MLOps: Building Continuous Training and Delivery Pipelines

MLOps: Building Continuous Training and Delivery Pipelines

MLOps: Building Continuous Training and Delivery Pipelines. Learn how to get started with building robust, automated ML pipelines for automatically retraining, tracking and redeploying your models.

What you’ll learn

This post aims to help you get started with building robust, automated ML pipelines (on a budget!) for automatically retraining, tracking and redeploying your models. It covers:

  • An overview of the origins and aims of the MLOps movement;
  • An introduction to a couple of key MLOps concepts;
  • A tutorial for setting up a Continuous Training/Continuous Delivery (CT/CD) ML pipeline with GitHub Actions and Google Cloud Functions.

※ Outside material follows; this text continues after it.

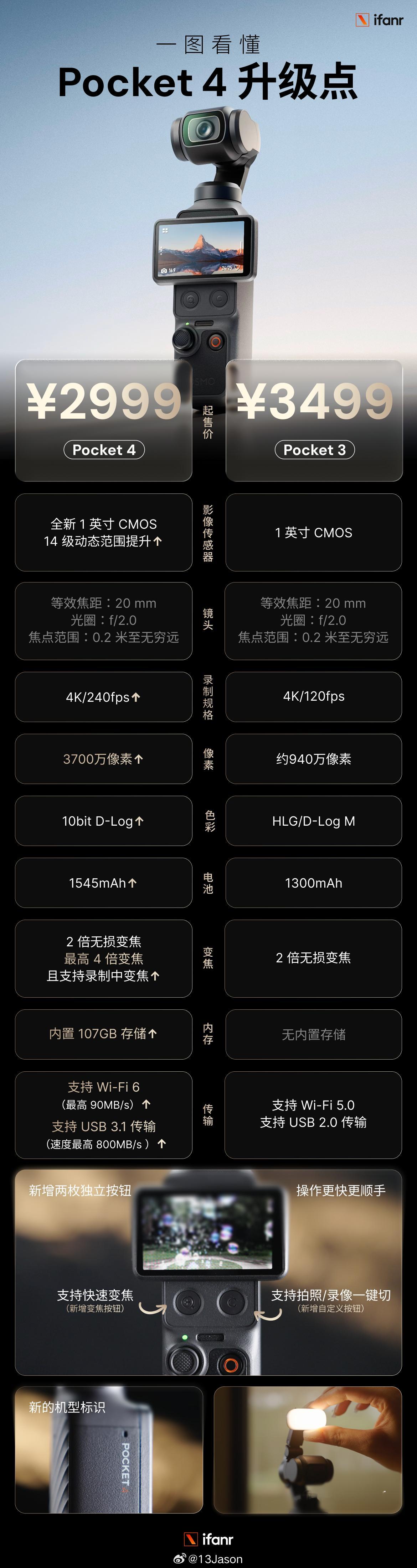 一图看懂大疆Pocket4升级点。(pic爱范儿)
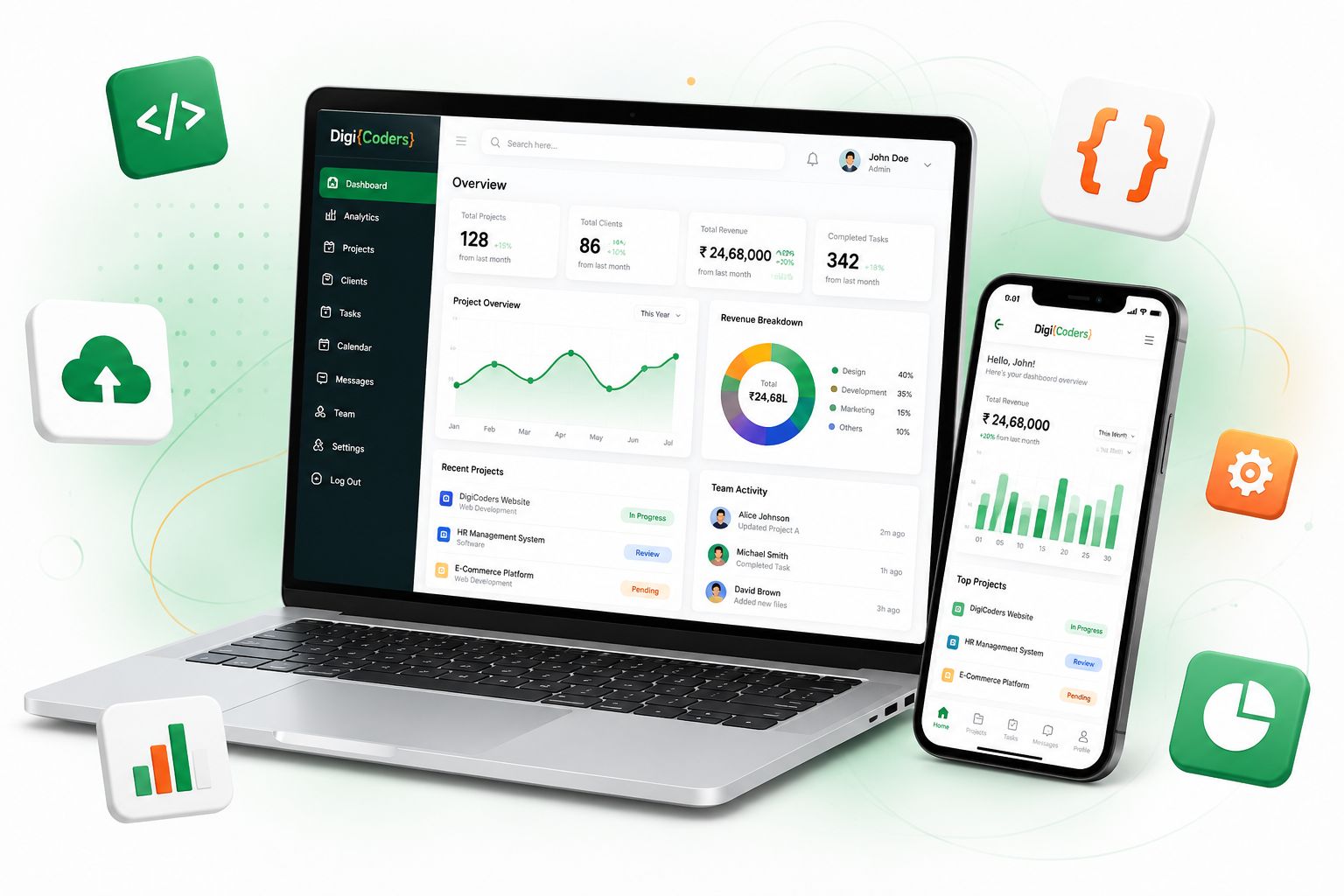 DigiCoders Kanpur Software Development & IT Dashboard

The tutorial section is designed to make use of free (or _nearly _free) services, so following along should cost you a few pennies at most. If you’re working on an MVP and need some ML infrastructure in place sharpish but want to avoid the price tag and technical overhead of AWS SageMaker or Azure ML deployments, you might find the example useful too. Finally, if you’re interested in understanding how the tutorial fits together to run it end-to-end for yourself, you should check out the previous post in this series on deploying lightweight ML models as serverless functions.

If you know what ML Ops is all about and just want to follow the tutorial, feel free to skip ahead.

What is MLOps?

In the last decade or so, the movement popularly referred to as ‘DevOps’ has gained a significant professional following within the world of software engineering, with a large number of dedicated DevOps roles springing up across development teams around the world. The motivation for this movement is to combine aspects of software development (Dev) with elements of Operational (Ops) software activities with the aim of accelerating the delivery of reliable, working software on an ongoing basis.

A major focus for adherents of the DevOps movement is on establishing and maintaining Continuous Integration and Continuous Delivery (CI/CD) pipelines. In practice, well designed and cleanly implemented CI/CD pipelines offer teams utilising them the ability to continuously modify their software system to (in principle) dramatically reduce the time-to-value for new software patches and features, while simultaneously minimising the risk of downside from bugs and outages related to releasing these patches and features. Teams operating mature implementations of this delivery mechanism often release updates on an hourly basis (or faster!) with the ability to quickly and cleanly rollback changes if they introduce a bug (though most of these should be caught somewhere in the pipeline).

In contrast, ‘traditional’ approaches to releasing software essentially stockpile fixes and features for predefined release windows (perhaps on a weekly, monthly or quarterly basis). While this sort of approach is not uniformly a poor approach, it does introduce a lot of pressure around the release window, can create a lot of complexity around the product integration and release process, and ultimately heighten the risk of serious service outages and by extension brand damage.